Accompagné depuis l’enfance par la peinture et le dessin, Mohamed Said Chair est un artiste autodidacte qui a longtemps évolué dans le secteur bancaire. C’est en 2017 qu’il prit la décision de quitter le milieu de l’entreprise pour se consacrer pleinement à sa pratique artistique. Sa série “Into the Box” témoigne de ses réflexions sur le monde du travail et la société contemporaine.
Madeleine Filippi : Bonjour Mohamed Said Chair, pour commencer pouvez-vous nous dire quelles sont vos sources d’inspiration ?
Mohamed Said Chair : Je n’ai pas une idée directrice en particulier guidant mon travail. J’essaye de réagir selon ce qui m’entoure et de poser mes propres images sur la toile ou le papier. Je suis curieux à chaque fois de connaître les interprétations des gens, surtout quand chacun porte son propre regard en s’identifiant dans mon travail. Les personnages que je peins peuvent être n’importe qui dans notre société.

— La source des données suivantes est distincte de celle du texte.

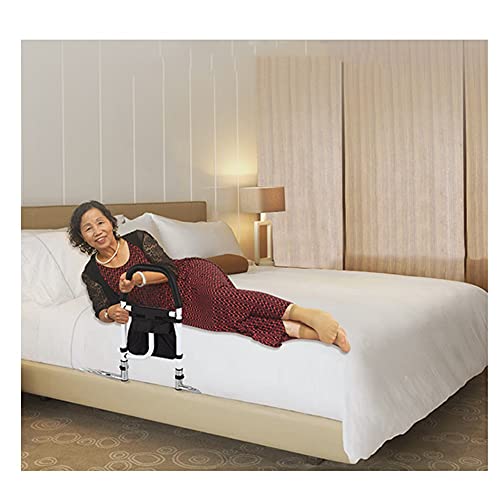 Dream ZX Barandilla de cabecera para el hogar para Personas Mayores barandillas de Cama para Mujeres Adultas Embarazadas Barandilla de Seguridad hospitalaria Parachoques Anti-caída para Dormitorio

J’essaye aussi d’aborder un nouveau regard sur le portrait, car selon moi celui-ci ne se manifeste pas toujours par le visage mais aussi par les corps et leurs postures. J’ai l’impression qu’aujourd’hui nous n’avons plus besoin de voir un visage pour en déduire le portrait. Grâce à, ou à cause de la technologie et les réseaux sociaux, les corps ont remplacé le visage. Mon travail est donc inspiré de cette situation que l’on retrouve soit dans les réseaux sociaux ou encore dans notre environnement.
M. F : Comment procédez-vous pour représenter ces corps ? Ces corps sans visages sont-ils ceux de modèles ?
M. S. C : Au départ je tirais mes photos de modèles sur internet, puis je les peignais selon l’exigence de mon sujet. Il s’est avéré plus tard que c’est toujours compliqué de trouver l’idée que l’on veut exactement sur les photos d’internet, et de les avoir en HD.
Aujourd’hui, j’essaie d’aborder la peinture à l’huile de la même façon que les anciens maîtres ont procédé ; en ramenant des modèles en atelier et en les peignant. Petit à petit, je suis parvenu ainsi à faire poser mes propres modèles, les impliquer dans différentes mises en scène et de les prendre en photo, cela m’a permis d’avoir un meilleur rendu par rapport à la qualité d’image et même à la peinture finale. Connaître son modèle personnellement permet de mieux le présenter sur la toile.
Pour faciliter cette démarche, je fais parfois des séances de shooting avec des modèles, dans différentes mises en scènes. Et depuis les photos, je passe à la peinture. Le rendu n’est jamais similaire à la photo, dans le sens où j’apporte aussi mon regard sur la toile en ajoutant ou supprimant des éléments par rapport à la photographie initiale.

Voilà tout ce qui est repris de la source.